Remedy for Evils. -- Contemplating this sad state of affairs in the first theological school in the world, we may well ask: What remedy did Providence apply to this great evil? And the answer comes: He sent into the world St. Thomas of Aquin, who was to regenerate philosophy and to become the Christian Aristotle. How St. Thomas accomplished the task which Providence had prepared for him and for which he was providentially prepared will be more fully explained in another article.
Light in the Darkness. -- Suffice it to say, for the present, that, with the discerning eye of a genius and of a saint, he surveyed the field, and soon determined in his own mind what course was to be pursued. First he saw that it would be impossible, even if it were desirable, to suppress the general movement in favor of deep philosophical studies, which swept over the world as irresistibly as the tide of the mighty ocean advances to the seashore.
Aristotle to be Christianized. -- In the next place, he saw that the most deplorable errors of the times sprang from reading Aristotle as he was misrepresented by the Arabian commentators; and he knew well from his master, Albert, and from the writings of Boethius and St. Isidore of Seville, that the doctrines of the Stagyrite would not necessarily make a philosopher rationalistic, Averroistic, or pantheistic. Cardinal Gonzalez, in his history of philosophy (Fr. tr., vol. II, p. 114), justly rejects the oft-repeated statement that Europe is indebted to the Arabian philosophers, and especially to Averroes, for the knowledge of Aristotle's writings. Nothing could be more false, he says; Boethius, who lived in the sixth century, St.

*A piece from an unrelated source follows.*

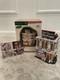 Department 56 Christmas in the City Chicago Cubs Souvenir Shop NIB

Isidore, who lived in the sixth and part of the seventh, were well acquainted with the writings of Aristotle. Boethius, who had spent a number of years in Greece, tells us that he translated and commented upon all the works of Aristotle that came into his hands. Neither Boethius nor St. Isidore fell into any of the extravagant errors which were taught at Paris, and St. Thomas saw that the evil lay not in Aristotle but in Aristotle misunderstood and misrepresented, as he was in the writings of Averroes and other Arabian philosophers. He resolved, therefore, to purify and Christianize the philosophy of Aristotle, in order to make it what it should be, the handmaid of Christian theology. God, Who is the Author of reason as well as of revelation, by His grace and in His mercy moved St. Thomas to make this resolution when he saw the condition of philosophy in the thirteenth century.